MOURIR POUR LA «PATRIE»
EXPO CONSACREE AU «TIRAILLEUR» DANS LA BD

La Galerie Le Manège de l’Institut français de Dakar accueille, jusqu’au 17 janvier 2015, une expo consacrée à la représentation des « tirailleurs sénégalais » dans la bande dessinée. Des hommes dont ce n’était pas la guerre et qui ont dû subir la morsure du froid, la mort anonyme ou encore l’oubli. Partis, nombre d’entre eux ne reviendront pas…Et pour certains, le retour sera synonyme de traumatisme.
«La République, dans son immense générosité, était fière de leur offrir l’insigne honneur de pouvoir mourir pour la Patrie.» Sur un ton entre le cynisme et l’humour noir, voilà ce que dit Jacques Tardi, à propos de ceux que l’on appellera les « Tirailleurs sénégalais », même s’ils ne viennent pas tous du Sénégal. Dans C’était la guerre des tranchées, bande dessinée dont Tardi lui-même précise que ce n’est pas un travail d’historien, l’une des planches montre des « tirailleurs » impersonnels, anonymes sous leurs uniformes et pâles, mais debout et armés.
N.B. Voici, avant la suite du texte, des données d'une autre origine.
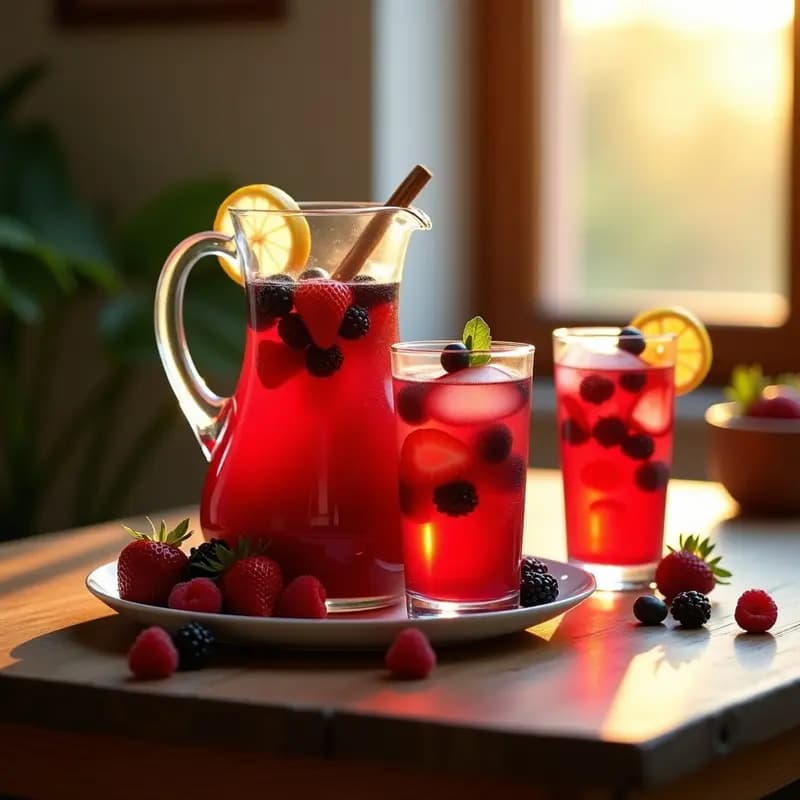 Tinto de verano con frutas rojas: Bebida tradicional andaluza fácil y natural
D’abord, raconte le dessin de Mr Fab (voir encadré), ils sont quelque peu fascinés par cette neige qu’ils voient pour la toute première fois. Et qui a en plus la décence de cacher les corps de leurs camarades fauchés au combat. Puis vient le printemps, et la boue à la place de la neige, tandis que plusieurs corps en putréfaction « remontent à la surface ».
Sous le crayon de Mr Fab toujours, certains « tirailleurs » s’en vont, et ne reviennent jamais. Pas même une dépouille… Ainsi, près de 30.000 tirailleurs ne reverront jamais l’Afrique. D’eux, il ne reste plus parfois qu’une lettre posthume qui arrive toujours trop tard, forcément…et qui dit combien la France, qu’ils ont servie au péril de leur vie, promet de les honorer pour leur courage. On apprend aussi qu’en 1916, le 43e bataillon de « tirailleurs » participera à la Bataille de Douaumont, «l’une des plus terribles de la Grande Guerre». Ou encore que les « Poilus » avaient une peur bleue des rats.
Dans la bande dessinée du Français Serge Huo-Chao-Si, certains tirailleurs, lorsqu’ils rentrent enfin chez eux, finissent par ne plus être que l’ombre d’eux-mêmes, vieux héros défraîchis qui vivent à une autre époque, dans le souvenir éternel d’une gloire passée. Et qui s’enorgueillissent encore de pouvoir crier à qui veut l’entendre qu’ils sont des héros, eux !
Le « tirailleur » apparaît aussi sous les traits d’un homme providentiel, capable à lui seul de libérer tout un peuple du joug de l’ennemi. Il lui arrive encore de parler « petit nègre », le français de « tirailleur » comme on dit. « Mademiselle » pour « Mademoiselle » par exemple. Jacques Tardi, lui, lorsqu’il parle de la Guerre, ne parle que d’une «lamentable aventure collective».